Adoption: 'The best thing I have ever done'

  • Published
Family walking through trees

Prime Minister David Cameron is setting out proposals to speed up the adoption process in England, ahead of the launch of the government's "Adoption Action Plan" next week.

Local authorities will be told not to delay adoptions "in a search for the perfect match".

The latest government figures suggest there are 6,770 children who have been identified for adoption but have not been adopted.

BBC News website readers have shared their experiences of the adoption process. Here is what some of them had to say.

Rebecca, Huddersfield

Image caption,

Rebecca with her husband Suky and their adopted daughter Ruby

We adopted one daughter, Ruby - who is now six-and-a-half-years-old. We are waiting on a second.

The first time round it took us 18 months to be approved. The second time it took us three years to go from call to approval - we're still waiting for a match and a placement.

It wasn't particularly pleasant the first time round, but the second time it was a lot worse.

We went through three different social workers the second time round.

They're very disorganised, but social workers are under a lot of pressure.

I have no understanding as to why it took so long the second time - although they did lose the first report which didn't help.

It was a very difficult process and there was a lot of red tape.

We had our CRB checks done and our medicals done - but they lost the medical and we had to do it again. This process took so long that we had to do our CRB check again.

Every deadline seemed to be missed.

Jayne, Morpeth

Image caption,

Jayne and her adopted sons Dylan and Jamie

We adopted our two boys three years ago, they had waited two years to be adopted.

Initially social services had tried to find adoptive parents for them along with two older siblings but after that failed they were split up.

My boys could have been adopted much earlier if this had have happened sooner.

The process from finding out about them to getting them home took nine months, and then another 12 months for the legal proceedings, making them five and six-years-old before they had any stability in their lives.

The process was highly frustrating at times but we had a wonderful social worker and it is the best thing I have ever done!

I have gone from having two mixed up, confused and unruly little boys to two complete little bundles of joy of whom I am immensely proud!

Andrew Robbins, Bristol

I'm adopted and my ethnicity is mixed race.

Social services sought to place me with a black / mixed race family. They felt that this was of vital importance.

While social services were waiting for an "ideal family" to adopt me, I was fostered by a white family, who cared for me from birth.

They raised me and instilled in me many core values. I was effectively their son.

When they indicated that they wished to adopt me, social services were reluctant to allow this, based purely on the apparent "imbalance" between our ethnicities.

In the end, after a long fight, I was adopted by my foster parents. The colour of my skin never affected their ability to love me or raise me in a safe and stable environment.

As far as I am concerned that is what counts. Had social services found a suitable black family for adoption; I would have experienced problems adjusting to a new family.

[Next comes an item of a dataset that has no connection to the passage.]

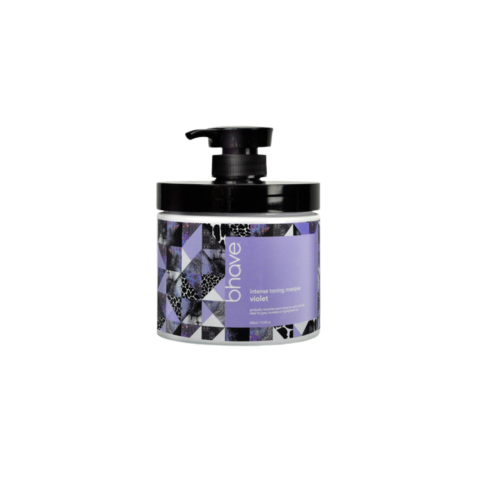 Masca de par - MASCA TONALIZANTA INTENSIVA - VIOLET 400 ML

After five years with one family, irrespective of their colour, to live with another would mean tremendous upheaval for any child. I am glad I've never had to go through that.

My parents never looked at my colour or my background, they looked at a baby whose needs they felt they could provide for.

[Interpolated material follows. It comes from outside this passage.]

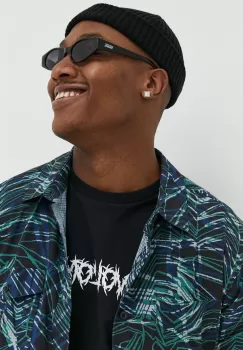 Billabong camasa barbati, cu guler clasic, regular imagine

They succeeded and I've had the same love - if not more - as every other child.

Graham Andrews, Southampton

Image caption,

Graham Andrews and his adopted children

Myself and my wife are white adoptive parents. Both of our children have mixed heritage.

Whilst it was a serious consideration and a potential stumbling block when preparing to adopt both children it has proved, in practice, much easier to promote the multicultural nature of our family.

In such a diverse society it is surely only the most die-hard of conservatives who would bat an eyelid at our family make up.

As long as the children are loved and cared for and are encouraged to have a positive sense of self identity and the mixed culture family unit is promoted as being a positive thing then there should be no barriers to prevent white couples adopting children from a different ethnic background.

There are plenty of adopters out there who are desperate to provide a loving home for a child but are prevented from doing so and as a result the child remains in care.

Robinia, Ipswich

My husband and I adopted a baby boy in 2001.

The approval process to adopt is the most stressful thing I have ever done.

Your personality and relationship with your partner go under tremendous scrutiny for many months.

I believe it is accurate to say that many people would not be approved to adopt their own children.

I was told my standards were too high, I had a successful career and we had a nice house.

We were fortunate that the social services team leader weighed up the risks and benefits for the baby boy who is now our son, and came down in our favour.

I gave up that career to raise my adopted son - because I couldn't keep the career and deliver the high standards of care that we wanted for him. I don't apologise for those standards!

Rebecca Bell, Tunbridge Wells

Image caption,

Rebecca Bell and her husband Craig

My husband and I attempted to adopt last year and were met with nothing but animosity.

The social worker that came round to our house simply gave us a list of our "faults".

This included that the garden was un-finished, we had pets and that our 10-year-old daughter's bedroom was a little bit untidy.

Just starting the adoption process is very daunting and to be met with social workers that have nothing but negativity doesn't help at all.

It is because of this reason that we gave up and are now looking at other options to expand our family.